State guide with cities, regions, and key information.

Introduction
The Red Sea Governorate stretches 1,080 km along Egypt's eastern coast from the Gulf of Suez to the Sudanese border, encompassing one of the world's premier diving and snorkeling destinations. The coastline — backed by the Eastern Desert mountains and fronted by coral reefs teeming with over 1,000 fish species — includes the resort cities of Hurghada, El Gouna, Safaga, and Marsa Alam, each offering a different experience from mass-market beach tourism to pristine marine encounters with dugongs and sea turtles.

Discover Red Sea

Hurghada is the Red Sea's main resort city — a 36-km strip of hotels, diving centers, and beach clubs along the coast. El Dahar (the old town) retains some fishing village character with a souk and local restaurants. Sigala is the mid-range district. The resort strip south to Sahl Hasheesh holds the luxury properties. Diving: Giftun Island National Park (the house reef, day trips ~$30-50 including 2 dives), Abu Nuhas wreck site (4 shipwrecks in one area), and the SS Thistlegorm (longer day trip, ~$80-120). Snorkeling is excellent at most hotel house reefs. PADI Open Water certification: $250-350 (3-4 days). Non-diving activities: glass-bottom boat trips, desert quad biking, submarine rides, and El Gouna day trips. Flights: direct from most European cities (UK, Germany, Russia, Eastern Europe). Budget all-inclusives from $40-60/night; mid-range $80-150; luxury (Sahl Hasheesh, Soma Bay) $150-300.

Travel Types

World-Class Diving

Elphinstone's sharks, Abu Dabbab's dugongs, the Thistlegorm wreck, Brothers Islands' pelagics, and 200+ coral species in 30-meter visibility — the Red Sea ranks among the planet's top 5 dive destinations.

Beach Resort & Winter Sun

Hurghada, El Gouna, and Marsa Alam offer year-round swimming (22-28°C), 340+ sunny days, and all-inclusive resorts at a fraction of Maldives prices — Europe's closest reliable warm-water escape.

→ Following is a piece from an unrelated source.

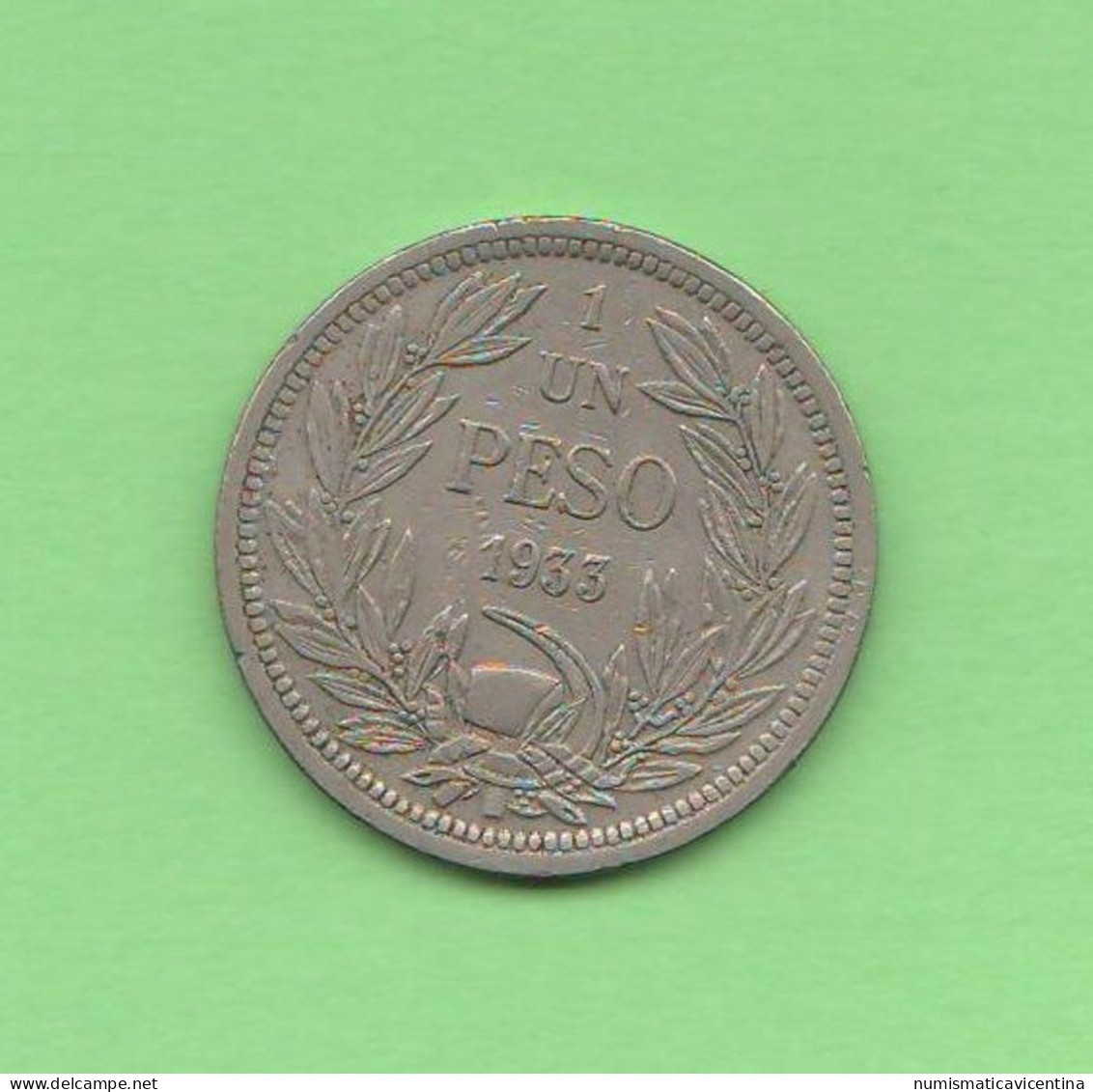 Chile 1 Peso 1933 Cile Nickel Typologic Coin - Chili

Marine Wildlife Encounters

Dugongs at Abu Dabbab, dolphins at Sataya, sea turtles across the coast, seasonal whale sharks, and hammerhead schools at Elphinstone — the Red Sea's megafauna is accessible to divers and snorkelers alike.

Desert & Stargazing

Eastern Desert mountain camps, Roman-era quarry sites, Bedouin culture, and some of the darkest night skies accessible from a resort base — the desert behind the reef is its own adventure.

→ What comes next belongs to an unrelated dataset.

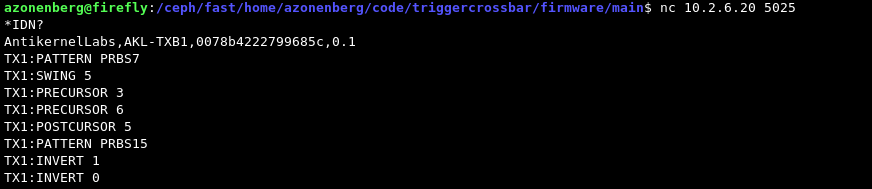 SCPI console showing some basic configuration on the BERT TX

Important Travel Information for the Red Sea
  • Diving certification: PADI Open Water ($250-350, 3-4 days) opens the Red Sea's main attractions. Many sites are accessible to snorkelers from hotel house reefs.
  • Reef responsibility: don't touch coral, maintain buoyancy, use reef-safe sunscreen. Reef damage from tourism is a growing concern — choose responsible operators.
  • All-inclusive quality varies enormously — read recent reviews. Budget properties often have poor food and dated facilities; mid-range and above is generally good value.
  • Hurghada's old town (El Dahar) has local restaurants and a souk for those wanting to escape the resort bubble.
  • Marsa Alam requires advance planning for dugong/turtle encounters — Abu Dabbab is the most reliable site; go early morning.
  • Year-round diving but best visibility October-May. Summer is hot (35-40°C air) but water temperatures are comfortable.